Race, Class, Power, and Organizing in East Baltimore examines the historical and current practices of rebuilding abandoned and disinvested communities in America. Using a community in East Baltimore as an example, Marisela B. Gomez shows how the social structure of race and class segregation of the past contributed in the creation of our present day urban poor and low-income communities of color, and continue to affect the way we rebuild these communities today. Specific to East Baltimore is the presence of a powerful and prestigious medical complex which has directly and indirectly affected the abandonment and rebuilding of East Baltimore. While it has grown in power and land over the past one hundred years, the neighborhoods around it have decreased in size and capital, widening the gap between the rich and the poor.

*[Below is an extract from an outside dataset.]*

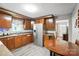 Well-lit kitchen showcases wooden cabinets, stainless steel refrigerator, and a wooden table at 407 Rosemont Ave, Kannapolis, NC 28081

The author offers a critical analysis of the relationships between powerful private institutions like the Johns Hopkins Medical Institutions and government and their intention in rebuilding urban communities, asking the question, “How do we determine equity in benefit?” Focusing on a current rebuilding project that uses eminent domain to displace historical African-American communities and on the acquisition of land for private development, this book details the role of community organizing in challenging these types of non-community participatory rebuilding processes, which result in the gentrification of urban neighborhoods. The detailed analysis of the community organizing process mobilized when families are displaced, offered by Gomez, provides similarly affected communities a toolkit for challenging current developers and government in unfair rebuilding practices. The current laws and policies contribute to continued displacement of and disadvantage to poor communities without addressing the rhetoric of the intention of government-subsidized private development. This book examines the effect of such non-participatory and non-transparent rebuilding practices on the health of the people and place.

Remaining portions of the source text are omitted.